Exercise data:

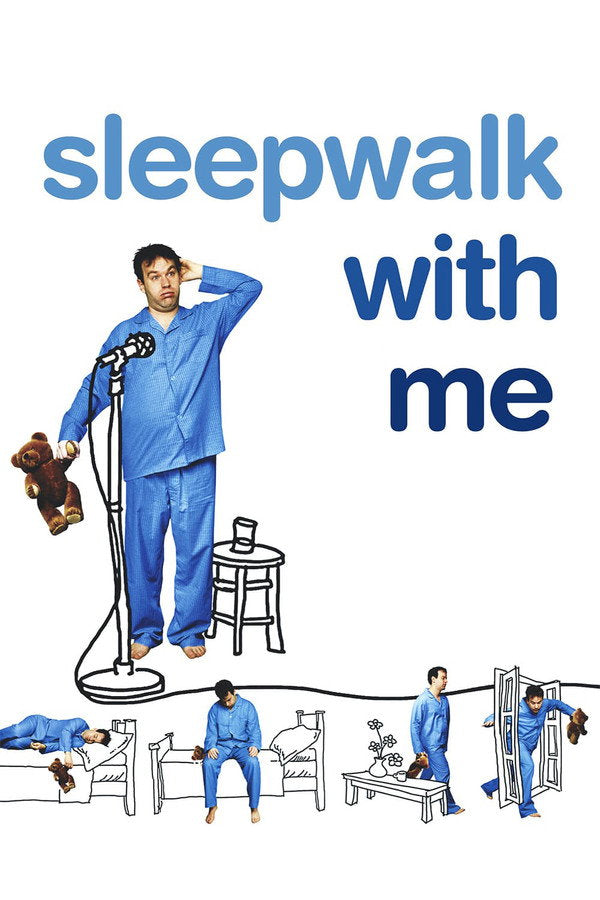 Sleepwalk with Me (2013) - Premium Movie Poster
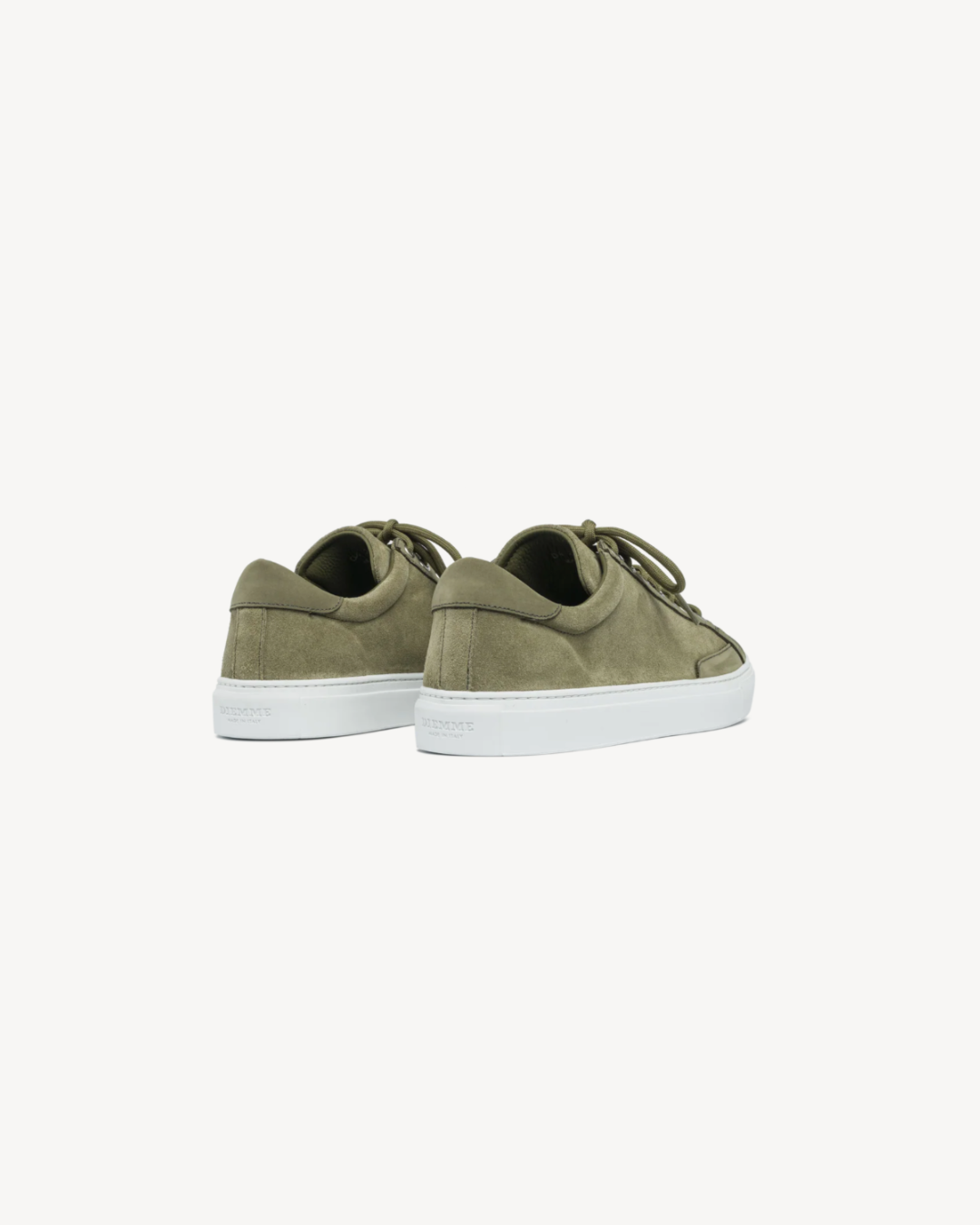 Veneto Low - Olive Suede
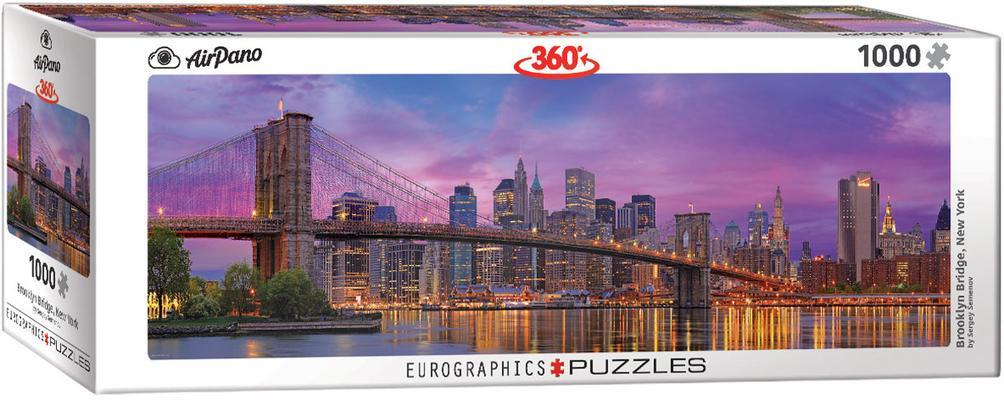 Cover: 628136653015 | Brooklyn Bridge Panoramic 1000pc | Stück | Englisch | 2022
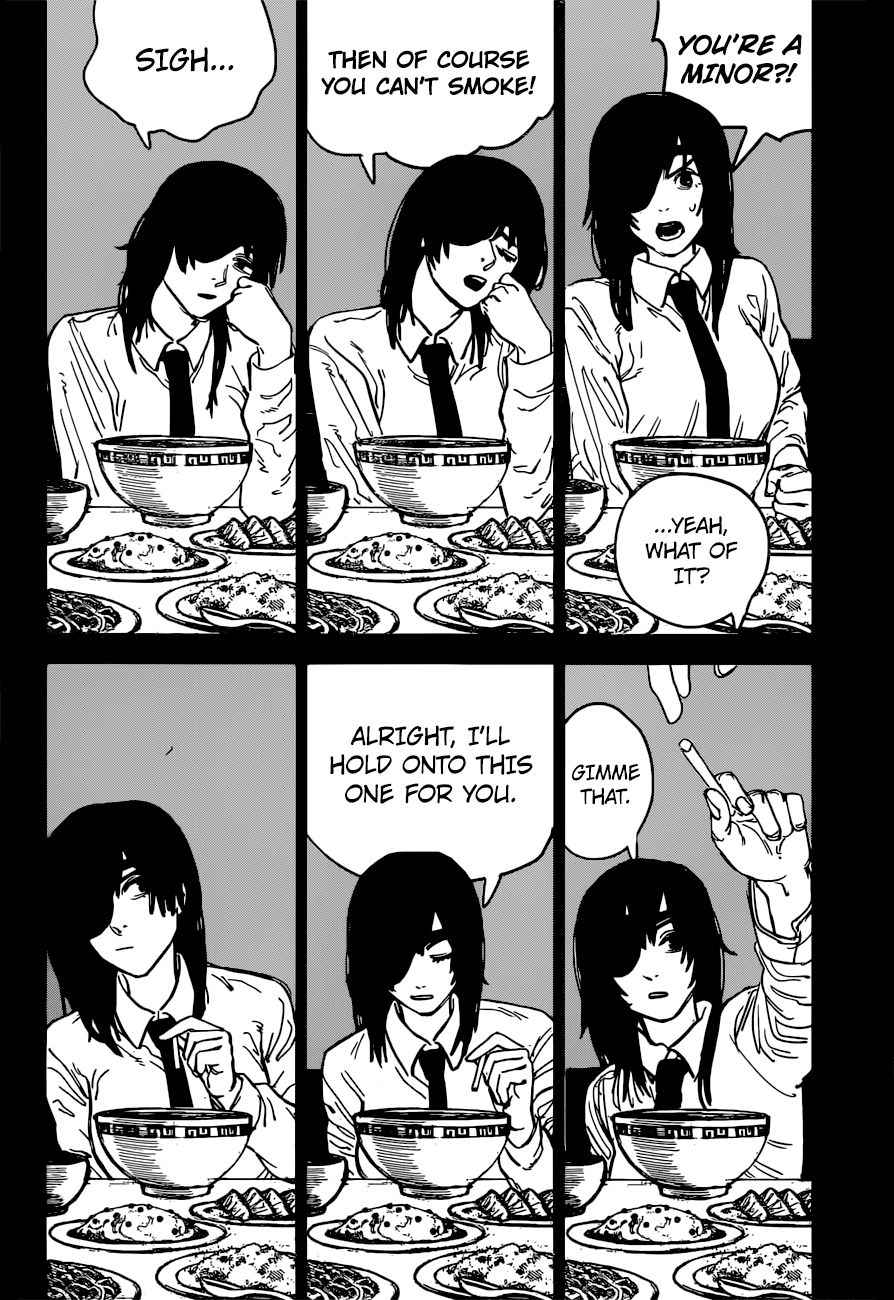 Chainsaw Man Chapter 35: Minor Page 9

What the exercise asks:
Reproduce the lines of the data that run from the one containing "Cover: 628136653015 |" to the final line, both included, exactly as they appear and without the pictures.

Final answer:
 Cover: 628136653015 | Brooklyn Bridge Panoramic 1000pc | Stück | Englisch | 2022
 Chainsaw Man Chapter 35: Minor Page 9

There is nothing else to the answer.